Sam, my cowardly standard-poodle puppy.
Sam sat his furry bottom down by my unsmiling face as I lay sprawled on the blanket.
“You’re blocking my view of the poplars, Sam.”
Sam is my cowardly, black, standard-poodle puppy who weighs about 60 pounds. The reason for his cuddling—he was terrified. Terrified of falling leaves. Terrified of bleating donkeys. Terrified of working tractors.
But this will be his life and I think he likes it.
I am like Sam.
Terrified of making new friends. Terrified of failing as a farmer’s wife. Terrified of having to drive 45 minutes to reach the nearest Starbucks.
But I think I'm gonna like it.
I like seeing my husband drive the orange tractor across red clay. I like tilting my head all the way back and marveling at towering poplars with bright yellow leaves against a clear blue backdrop.
Me on my anniversary present tractor.
Tom and I have a dream. We’re over 50 years old, live in a tropical paradise of several million people, and run a charter fishing boat.
But we want to be farmers.
I didn’t always want to be a farmer. In fact, when I first traveled to Mt.

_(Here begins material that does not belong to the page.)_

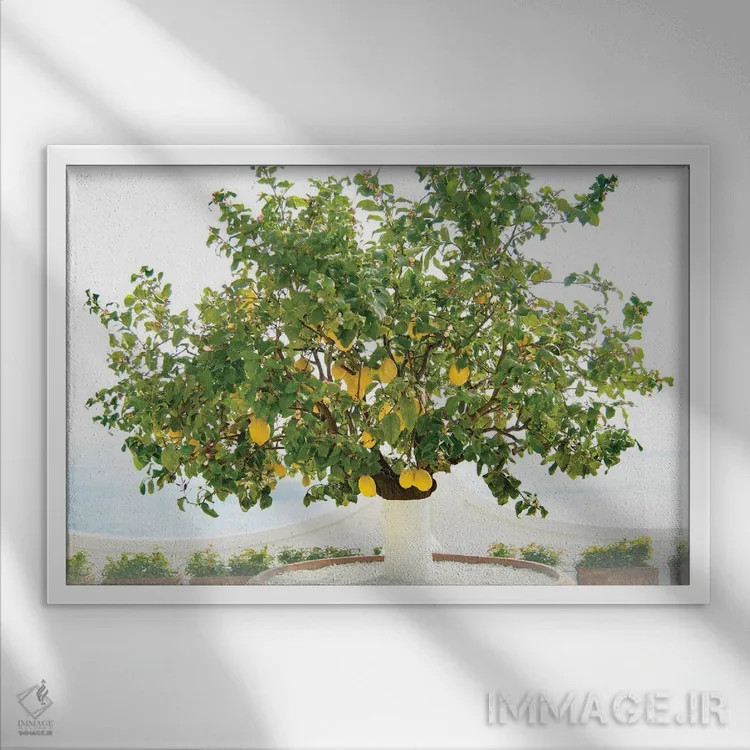 تابلو درخت لیمو در پوزیتانو یک اثر هنر آنیتا و بلا - نمای قابدار سفید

Airy, North Carolina (aka Mayberry) to visit Tom’s mother on her family homestead, I couldn’t think of any reason why anyone would want to live there.
Quiet wouldn’t describe it. It took fifteen minutes of a nail-biting drive down twisty roads to reach the small town. The Main Street was adorned with old-fashioned storefronts, advertising The Andy Griffith Show. No chic stores with expensive brand names I couldn’t afford. Pity.
When Tom’s mother died quite suddenly five years ago, we stopped our yearly trek to the farm and I missed it. So when we visited a few years ago, I fell in love. With the people, with the town (which now boasts a Ruby Tuesday’s, a Chili’s, and a great Thai restaurant) and especially with the land. A collage of my Creator.
I love the smell of it. The feel of it.
We’re cultivating a dream. In fact, we’re learning to cultivate.
I’d like to take you along with me and tell you about it. Maybe you’re living the dream, or maybe it’s become a nightmare.
There have been a lot of funny things, and even some hard things. I’d like to tell you about them.
Probably you have a lot to teach me. We need all the help we can get.
It’s making me smile just thinking about it.
Question of the week:
What is one piece of advice you could give us besides DON’T DO IT?
(We’ve already been told that.)
A view from the yet non-existent porch.